SUPPLIED RECORDS Block Start
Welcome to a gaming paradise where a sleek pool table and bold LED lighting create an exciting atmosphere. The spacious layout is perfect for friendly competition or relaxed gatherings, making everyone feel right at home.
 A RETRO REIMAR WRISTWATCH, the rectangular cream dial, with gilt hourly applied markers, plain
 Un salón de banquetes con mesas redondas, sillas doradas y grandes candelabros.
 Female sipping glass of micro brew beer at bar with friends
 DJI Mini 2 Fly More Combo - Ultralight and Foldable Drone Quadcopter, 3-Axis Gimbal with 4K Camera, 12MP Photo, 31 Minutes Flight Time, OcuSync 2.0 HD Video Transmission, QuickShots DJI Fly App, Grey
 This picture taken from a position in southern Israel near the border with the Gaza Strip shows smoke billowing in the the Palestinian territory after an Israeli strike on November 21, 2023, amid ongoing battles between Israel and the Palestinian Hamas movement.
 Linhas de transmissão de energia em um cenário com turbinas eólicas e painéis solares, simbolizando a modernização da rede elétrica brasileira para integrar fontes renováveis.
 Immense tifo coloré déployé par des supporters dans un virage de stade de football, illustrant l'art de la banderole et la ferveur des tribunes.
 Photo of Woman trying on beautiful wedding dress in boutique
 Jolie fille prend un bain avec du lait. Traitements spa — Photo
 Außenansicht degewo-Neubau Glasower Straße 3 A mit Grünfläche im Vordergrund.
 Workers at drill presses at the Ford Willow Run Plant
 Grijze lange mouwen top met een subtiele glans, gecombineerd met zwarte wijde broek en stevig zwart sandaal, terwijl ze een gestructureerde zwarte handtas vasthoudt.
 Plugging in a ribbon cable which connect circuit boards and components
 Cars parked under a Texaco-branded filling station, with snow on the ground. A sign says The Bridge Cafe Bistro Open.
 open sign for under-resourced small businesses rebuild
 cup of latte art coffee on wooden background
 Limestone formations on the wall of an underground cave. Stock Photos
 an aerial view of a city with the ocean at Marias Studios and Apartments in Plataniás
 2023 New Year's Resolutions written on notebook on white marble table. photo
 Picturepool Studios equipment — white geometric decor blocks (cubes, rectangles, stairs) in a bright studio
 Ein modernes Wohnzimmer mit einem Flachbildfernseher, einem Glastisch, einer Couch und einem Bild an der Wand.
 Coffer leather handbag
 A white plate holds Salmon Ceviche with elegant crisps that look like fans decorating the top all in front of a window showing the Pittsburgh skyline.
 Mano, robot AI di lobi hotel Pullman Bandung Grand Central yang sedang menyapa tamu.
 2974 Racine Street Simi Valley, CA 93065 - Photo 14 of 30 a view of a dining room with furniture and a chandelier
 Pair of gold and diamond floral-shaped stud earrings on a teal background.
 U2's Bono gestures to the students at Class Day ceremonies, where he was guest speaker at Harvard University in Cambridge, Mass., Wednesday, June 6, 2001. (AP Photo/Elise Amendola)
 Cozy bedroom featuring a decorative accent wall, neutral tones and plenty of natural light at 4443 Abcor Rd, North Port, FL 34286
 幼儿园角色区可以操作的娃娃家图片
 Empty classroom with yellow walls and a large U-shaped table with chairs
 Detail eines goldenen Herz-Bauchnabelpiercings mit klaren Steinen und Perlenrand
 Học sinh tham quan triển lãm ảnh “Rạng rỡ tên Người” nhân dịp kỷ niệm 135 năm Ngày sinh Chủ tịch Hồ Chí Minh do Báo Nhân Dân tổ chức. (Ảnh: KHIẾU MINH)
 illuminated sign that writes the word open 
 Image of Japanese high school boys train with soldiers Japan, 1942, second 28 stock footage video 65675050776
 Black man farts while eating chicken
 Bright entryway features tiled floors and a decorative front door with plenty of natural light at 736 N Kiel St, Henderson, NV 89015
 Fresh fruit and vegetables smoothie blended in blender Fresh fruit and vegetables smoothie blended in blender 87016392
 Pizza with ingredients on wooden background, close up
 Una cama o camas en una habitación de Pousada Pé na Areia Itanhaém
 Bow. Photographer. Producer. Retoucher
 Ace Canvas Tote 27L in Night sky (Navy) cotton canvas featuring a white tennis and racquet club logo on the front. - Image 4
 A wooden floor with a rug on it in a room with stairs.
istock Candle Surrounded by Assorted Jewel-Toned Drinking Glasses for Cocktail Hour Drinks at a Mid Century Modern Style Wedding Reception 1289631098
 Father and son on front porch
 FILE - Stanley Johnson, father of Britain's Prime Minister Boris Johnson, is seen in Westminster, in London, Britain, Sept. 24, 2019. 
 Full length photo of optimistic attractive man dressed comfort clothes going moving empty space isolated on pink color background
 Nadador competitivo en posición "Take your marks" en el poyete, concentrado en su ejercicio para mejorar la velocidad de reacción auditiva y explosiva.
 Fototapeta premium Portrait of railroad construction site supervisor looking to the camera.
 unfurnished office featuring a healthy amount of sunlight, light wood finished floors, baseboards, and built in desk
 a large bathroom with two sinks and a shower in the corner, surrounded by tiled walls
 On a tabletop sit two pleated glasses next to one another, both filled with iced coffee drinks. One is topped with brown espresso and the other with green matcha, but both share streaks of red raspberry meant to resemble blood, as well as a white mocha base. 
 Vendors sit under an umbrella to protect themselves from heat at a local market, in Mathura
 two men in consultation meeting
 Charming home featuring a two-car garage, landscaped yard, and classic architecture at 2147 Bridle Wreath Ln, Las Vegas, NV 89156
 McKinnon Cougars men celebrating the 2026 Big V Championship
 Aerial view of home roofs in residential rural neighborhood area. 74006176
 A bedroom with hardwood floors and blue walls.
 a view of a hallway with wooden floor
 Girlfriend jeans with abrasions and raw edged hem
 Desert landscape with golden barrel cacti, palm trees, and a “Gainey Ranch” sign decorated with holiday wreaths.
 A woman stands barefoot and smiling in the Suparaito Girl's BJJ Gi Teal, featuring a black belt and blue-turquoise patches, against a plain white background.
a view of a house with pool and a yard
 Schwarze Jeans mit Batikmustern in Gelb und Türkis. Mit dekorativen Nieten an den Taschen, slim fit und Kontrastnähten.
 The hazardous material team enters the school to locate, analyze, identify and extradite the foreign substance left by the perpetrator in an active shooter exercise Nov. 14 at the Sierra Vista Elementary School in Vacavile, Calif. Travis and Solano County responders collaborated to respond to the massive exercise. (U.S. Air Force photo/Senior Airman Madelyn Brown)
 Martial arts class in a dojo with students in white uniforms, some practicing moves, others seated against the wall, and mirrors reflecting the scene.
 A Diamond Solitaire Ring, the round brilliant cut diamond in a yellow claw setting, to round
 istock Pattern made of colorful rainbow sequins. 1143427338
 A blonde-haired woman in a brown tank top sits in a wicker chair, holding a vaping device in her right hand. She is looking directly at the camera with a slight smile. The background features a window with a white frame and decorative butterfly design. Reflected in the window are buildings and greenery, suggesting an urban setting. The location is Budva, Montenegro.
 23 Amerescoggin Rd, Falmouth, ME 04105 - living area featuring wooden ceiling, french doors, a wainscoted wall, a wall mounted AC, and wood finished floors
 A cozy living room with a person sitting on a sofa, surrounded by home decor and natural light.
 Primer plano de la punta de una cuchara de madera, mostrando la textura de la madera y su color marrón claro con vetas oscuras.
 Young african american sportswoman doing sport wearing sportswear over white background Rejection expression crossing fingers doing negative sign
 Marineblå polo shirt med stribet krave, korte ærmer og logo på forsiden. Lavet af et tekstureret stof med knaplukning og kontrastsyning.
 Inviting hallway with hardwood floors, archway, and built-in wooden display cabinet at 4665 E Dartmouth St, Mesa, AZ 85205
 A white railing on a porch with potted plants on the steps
SUPPLIED RECORDS Block End
# EXERCISE OBJECTIVE
Return exactly, and only, the lines above starting at the line that contains "Female sipping glass" and ending at the line that contains "cup of latte art coffee on wooden background".

# EXERCISE ANSWER
 Female sipping glass of micro brew beer at bar with friends
 DJI Mini 2 Fly More Combo - Ultralight and Foldable Drone Quadcopter, 3-Axis Gimbal with 4K Camera, 12MP Photo, 31 Minutes Flight Time, OcuSync 2.0 HD Video Transmission, QuickShots DJI Fly App, Grey
 This picture taken from a position in southern Israel near the border with the Gaza Strip shows smoke billowing in the the Palestinian territory after an Israeli strike on November 21, 2023, amid ongoing battles between Israel and the Palestinian Hamas movement.
 Linhas de transmissão de energia em um cenário com turbinas eólicas e painéis solares, simbolizando a modernização da rede elétrica brasileira para integrar fontes renováveis.
 Immense tifo coloré déployé par des supporters dans un virage de stade de football, illustrant l'art de la banderole et la ferveur des tribunes.
 Photo of Woman trying on beautiful wedding dress in boutique
 Jolie fille prend un bain avec du lait. Traitements spa — Photo
 Außenansicht degewo-Neubau Glasower Straße 3 A mit Grünfläche im Vordergrund.
 Workers at drill presses at the Ford Willow Run Plant
 Grijze lange mouwen top met een subtiele glans, gecombineerd met zwarte wijde broek en stevig zwart sandaal, terwijl ze een gestructureerde zwarte handtas vasthoudt.
 Plugging in a ribbon cable which connect circuit boards and components
 Cars parked under a Texaco-branded filling station, with snow on the ground. A sign says The Bridge Cafe Bistro Open.
 open sign for under-resourced small businesses rebuild
 cup of latte art coffee on wooden background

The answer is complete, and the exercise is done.